I was using Windows when this thread was started and so the Archive button was not available.

But just tried the Archive using 5.2.1 on a Fedora box and am getting errors in the Info.

backup path: /home/<username>/Documents
Tree path: /home/<username>/.gramps/disable/grampsdb


It reports a bad path and claim BSDDB event though the Tree is SQLite

Found the Archive in the folder with the Database file. But that filename has a padlock unicode character?

References:

Note that 7 years ago, the GitHub repository of Michael Brown included a experimental javascript / batch file archiving tool for Gramps Trees. It is external and has a lot of hardcoded paths.

Maybe a Report could be written that references preferences and would output a CLI script for sequentially making Backups of Trees when a Current Backup isn’t already there?

@Nick-Hall

Is the RCS-based Archive and Extract a feature set that should deprecated? (Say in Gramps 6 ?)

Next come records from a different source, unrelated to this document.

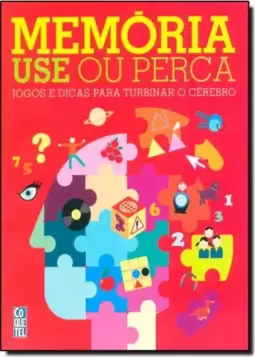 Memória Use Ou Perca: Jogos e Dicas Para Turbinar o Cérebro
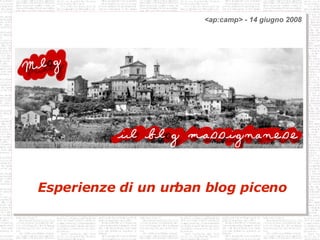 Mlog ... il blog massignanese. Esperienze di un urban blog piceno <ap:camp> - 14 giugno 2008 ,[object Object],<ap:camp> - 14 giugno 2008 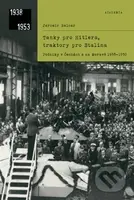 Tanky pro Hitlera, traktory pro Stalina (Velké podniky v Čechách a na Moravě 1938–1950) - kniha z kategorie Historie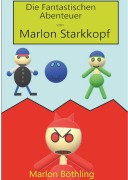 Cover-Bild zum Titel 'Die Fantastischen Abenteuer von Marlon Starkkopf' von 'Marlon Böthling'
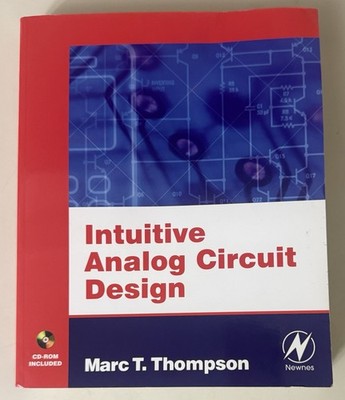 Intuitive Analog Circuit Design Paperback Marc Thompson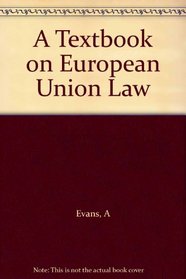 A Textbook on Eu Law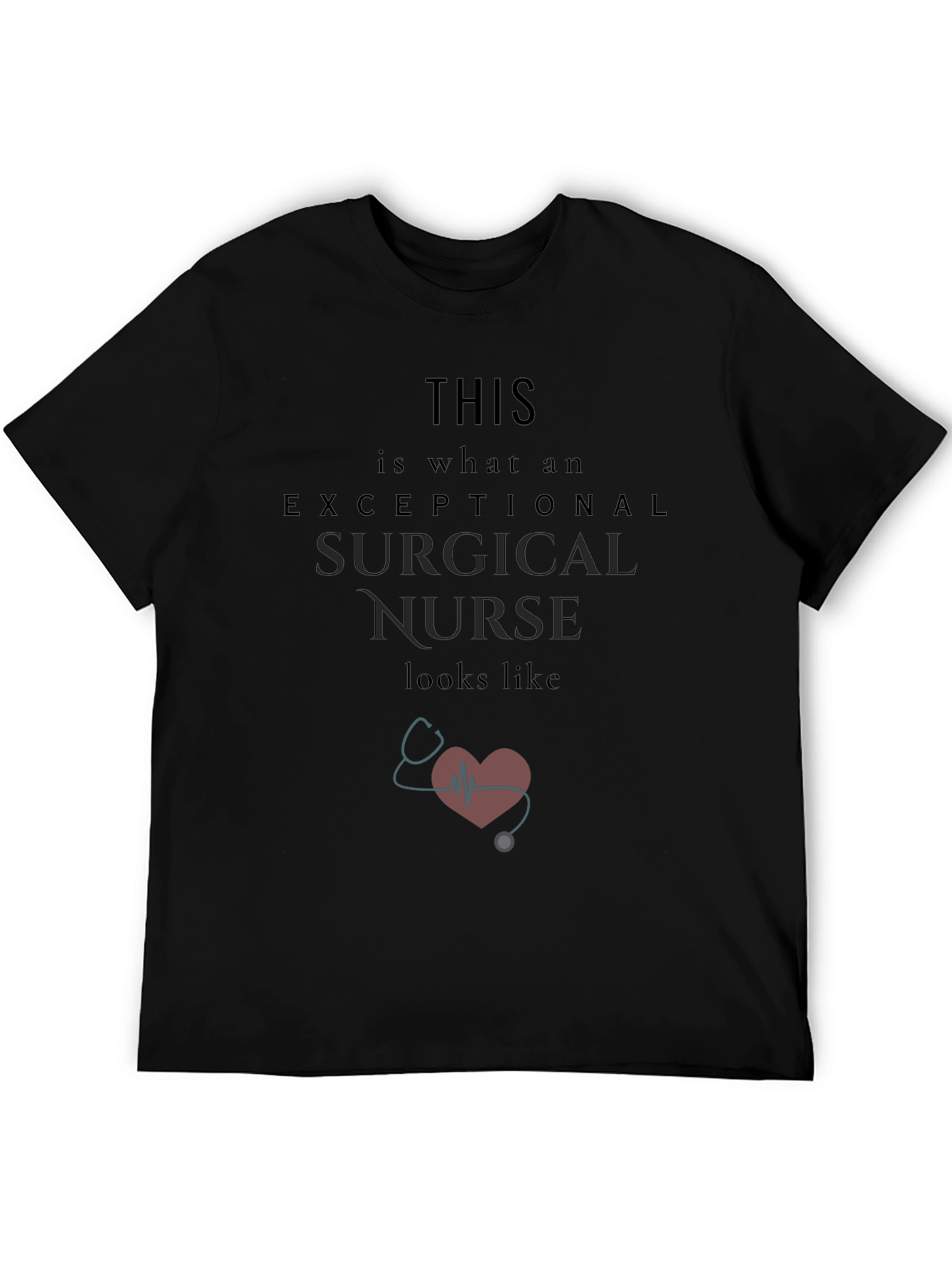 Exceptional Surgical Nurse T-Shirt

It is not compatible with Windows. And a few month later on the same computer, the Interface feature no longer appears in the dialog. The Archive feature makes the Make a Backup section of the wiki more complicated for no apparent added value.

NO! I use it a lot.
Just because Windows doesn’t use RCS doesn’t mean we need to remove this feature!

1 Like

Thank you for the response! I’m using Fedora and its gone missing from the GUI. (Very happy with the faster performance of Gramps over the Windows version.)

When double-checking a wiki link in an answer in a recent reply, I found the Archive section lacking. (It does not say what format the Archive generates nor where files are written.) So that’s when I discovered the button was missing and that my previous attempt to use it gave errors.

The section also needs more info (or a link) on troubleshooting the RCS installation. How to verify it is installed or how to add it. The current link goes to external sites that say it is a failed concept.

Maybe the feature could be shifted to Addon status? Just so it can go through some enhancement with the prerequisites feedback in the Addon Manager?

The format is a RCS format and the file is stored in the database directory with the sqlite file. the name is something like “rev.gramps,v” and contains all the versions.

1 Like

Placeholder for new RCS Archive feature wiki article to be adapted to how Gramps leverages RCS and using the Archive commands from the CLI.

Perplexity AI. (2024, June 23). [Response to prompt to Introduce the Gnu RCS (Revision Control System), its format and naming conventions with reference endnotes in Chicago citing style. ]. https://www.perplexity.ai/

GNU RCS (Revision Control System) is a version control system that manages multiple revisions of files. Here are some key points about RCS:

  1. Purpose: RCS automates the storing, retrieval, logging, identification, and merging of revisions. It’s useful for text that is frequently revised, like source code, documentation, and papers[1][2].

  2. History: RCS was originally developed by Walter F. Tichy at Purdue University in the early 1980s as an improvement over the Source Code Control System (SCCS)[2][4].

  3. File storage: RCS stores the most recent version of a file in full, along with reverse differences (called “deltas”) to reconstruct earlier versions. This improves retrieval speed for recent versions[2][4].

  4. Commands: RCS includes several commands like ci (check-in), co (check-out), rcs (for RCS file manipulation), rcsdiff (for comparing versions), and rlog (for displaying log information)[1][4].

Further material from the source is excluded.